Booing Bucks’ Grayson Allen has backfired, and now Bulls are on the brink

The Bulls seemed to have the defending champs on the ropes after the first two games, but things have drastically changed. In a series that has been separated by role players, Allen has been the face of Milwaukee’s dominance in that department ... boos and all.

SHARE Booing Bucks’ Grayson Allen has backfired, and now Bulls are on the brink
Grayson Allen of the Milwaukee Bucks is defended by Zach LaVine of the Bulls during of Game 3 of the teams’ playoff series.

The Bucks’ Grayson Allen doesn’t mind the hate he gets from Bulls fans.

Stacy Revere/Getty Images

It should warm the hearts of the Bulls and their fans to hear about Grayson Allen’s tough week.

The Bucks reserve guard was booed unmercifully in Games 3 and 4 at the United Center. And it didn’t stop there.

“Walking on the bus? ‘Boooo.’ In the hotel? ‘Boooo.’ About to watch film? ‘Boooo,’ ’’ Allen said of his plight.

Then he started laughing. If only his teammates would leave him alone.

The worst news for the Bulls is they’re down 3-1 and headed for a possible elimination Wednesday in Game 5, but that was only 1A. 1B was Allen’s emergence and how the Bucks took the booing and hatred thrown his way after he arrived in Chicago and turned it into fuel against the Bulls and their fans.

Bucks players see Allen walk into practice, and they boo him. When they see him in the hotel? More boos.

“[My teammates] have so much fun doing it,’’ Allen said. “I think it’s funny. I think it’s honestly hilarious.

‘‘They’ve kind of turned it into a fun thing. It makes hearing it out there in the game a lot easier, too, because they think it’s so funny.’’

So much for Allen’s tough week.

And the former Duke guard had plenty of fun on the court, too, playing some of the best basketball of his career.

Allen’s 22 points in Game 3 were a playoff career high, which he surpassed in Game 4 with 27, including going 6-for-7 from three-point range.

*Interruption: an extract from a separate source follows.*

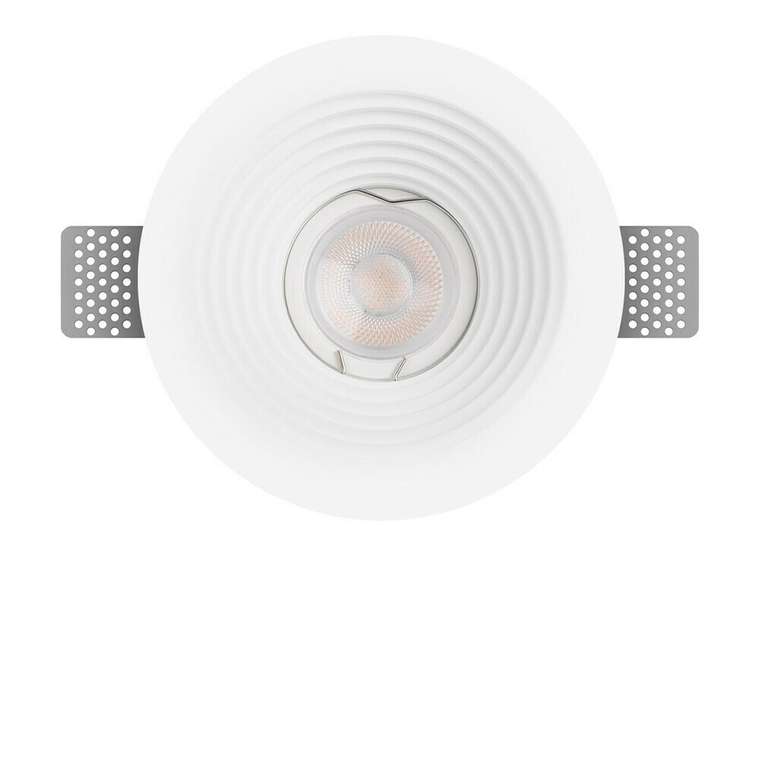 Светильник точечный Loft It Ghost 10356A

“I was in the right spots a lot,’’ Allen said. “Knocked down a couple of shots early and got in a rhythm.’’

He has done much more than that. Allen has completely changed the momentum of the series.

Since becoming public enemy No. 1 in Chicago in January, it has been quite a roller-coaster ride for Allen. His one-game suspension for the flagrant-2 foul that fractured Alex Caruso’s right wrist was the low, but these last two games have been the high.

After the first two games of the series, the sixth-seeded Bulls actually had the defending champs on the ropes, surviving Milwaukee with a split and heading to Chicago with the Bucks down All-Star Khris Middleton (sprained medial collateral ligament).

The feeling was that an even bigger burden would fall on all-world forward Giannis Antetokounmpo. Instead, the role players, led by Allen, have stepped up in back-to-back Bucks blowouts.

After some incidents in college, too, it’s easy to assume that Allen likes playing the villain, but that’s not the reality.

“I would still say that it’s not naturally comfortable for me, but I am to the point right now where anytime I go out and play basketball, I just remind myself to have fun with it, so I am having fun with it,’’ Allen said. “It’s not something I feed off of. Like I’m not going out searching for it like, ‘Oh, I love this.’ ’’

Leave that to his teammates.

“He’s played amazing,’’ Antetokounmpo said.

“Maybe we’ve got to boo him even more. Maybe Milwaukee fans have got to boo him . . . no, we’re not going to do that.’’

It definitely wouldn’t hurt.

Note: Bulls coach Billy Donovan said Alex Caruso remained in the concussion protocol after going through further testing Monday and was day-to-day for Game 5.